## Your assignment
Among the entries below, how many lines include "Luxury"? Answer with the number only.

(Crawled caption data)
------------------------------------------------

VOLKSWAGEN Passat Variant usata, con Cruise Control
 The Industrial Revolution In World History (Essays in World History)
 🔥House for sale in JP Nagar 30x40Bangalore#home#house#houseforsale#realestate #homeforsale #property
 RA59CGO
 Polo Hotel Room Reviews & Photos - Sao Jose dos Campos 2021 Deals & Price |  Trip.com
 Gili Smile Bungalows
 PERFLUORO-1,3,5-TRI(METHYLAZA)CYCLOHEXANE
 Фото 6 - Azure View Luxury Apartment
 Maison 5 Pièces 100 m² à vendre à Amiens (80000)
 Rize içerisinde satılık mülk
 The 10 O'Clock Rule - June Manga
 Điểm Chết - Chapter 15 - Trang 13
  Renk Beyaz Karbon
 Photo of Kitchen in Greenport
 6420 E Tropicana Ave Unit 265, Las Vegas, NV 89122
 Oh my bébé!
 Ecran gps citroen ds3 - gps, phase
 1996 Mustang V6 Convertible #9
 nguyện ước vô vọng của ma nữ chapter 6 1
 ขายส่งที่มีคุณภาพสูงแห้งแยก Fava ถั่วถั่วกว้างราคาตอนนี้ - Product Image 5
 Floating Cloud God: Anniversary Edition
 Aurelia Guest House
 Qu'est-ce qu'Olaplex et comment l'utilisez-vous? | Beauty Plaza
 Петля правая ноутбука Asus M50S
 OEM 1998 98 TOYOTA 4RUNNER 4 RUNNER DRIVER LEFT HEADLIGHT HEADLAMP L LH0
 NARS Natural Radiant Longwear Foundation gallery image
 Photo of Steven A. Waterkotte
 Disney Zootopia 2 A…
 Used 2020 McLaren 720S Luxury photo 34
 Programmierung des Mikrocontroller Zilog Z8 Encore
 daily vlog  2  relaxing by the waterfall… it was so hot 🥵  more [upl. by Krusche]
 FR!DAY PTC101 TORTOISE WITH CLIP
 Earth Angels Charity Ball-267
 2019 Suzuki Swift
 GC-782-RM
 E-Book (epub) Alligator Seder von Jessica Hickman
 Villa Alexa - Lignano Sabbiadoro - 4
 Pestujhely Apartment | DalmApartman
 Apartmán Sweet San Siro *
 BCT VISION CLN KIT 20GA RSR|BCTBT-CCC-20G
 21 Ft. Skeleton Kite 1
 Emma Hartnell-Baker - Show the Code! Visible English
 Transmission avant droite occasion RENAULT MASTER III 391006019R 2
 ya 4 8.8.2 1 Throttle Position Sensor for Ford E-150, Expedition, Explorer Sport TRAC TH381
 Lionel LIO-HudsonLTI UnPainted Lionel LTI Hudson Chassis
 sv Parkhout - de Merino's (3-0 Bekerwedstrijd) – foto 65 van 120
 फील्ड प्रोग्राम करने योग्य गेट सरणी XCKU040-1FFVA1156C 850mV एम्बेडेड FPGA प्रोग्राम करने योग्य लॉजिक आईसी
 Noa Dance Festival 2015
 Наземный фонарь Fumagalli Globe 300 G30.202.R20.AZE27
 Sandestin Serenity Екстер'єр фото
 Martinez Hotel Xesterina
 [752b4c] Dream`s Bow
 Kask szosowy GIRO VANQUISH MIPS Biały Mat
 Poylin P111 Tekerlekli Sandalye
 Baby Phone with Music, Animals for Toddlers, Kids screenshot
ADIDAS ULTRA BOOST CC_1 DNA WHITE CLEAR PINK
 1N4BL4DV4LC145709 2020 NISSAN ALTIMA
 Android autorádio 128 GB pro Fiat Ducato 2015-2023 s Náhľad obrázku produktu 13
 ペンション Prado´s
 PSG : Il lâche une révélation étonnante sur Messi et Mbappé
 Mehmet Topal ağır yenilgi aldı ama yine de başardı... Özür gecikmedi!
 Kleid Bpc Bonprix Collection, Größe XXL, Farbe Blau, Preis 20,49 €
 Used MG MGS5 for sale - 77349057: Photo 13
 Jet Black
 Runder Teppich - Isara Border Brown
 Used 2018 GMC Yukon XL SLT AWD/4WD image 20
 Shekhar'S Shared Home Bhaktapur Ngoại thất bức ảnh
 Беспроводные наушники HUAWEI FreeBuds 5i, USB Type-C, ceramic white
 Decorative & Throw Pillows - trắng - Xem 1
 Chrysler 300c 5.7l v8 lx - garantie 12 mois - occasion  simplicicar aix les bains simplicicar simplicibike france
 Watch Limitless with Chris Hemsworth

------------------------------------------------

## Completed task
2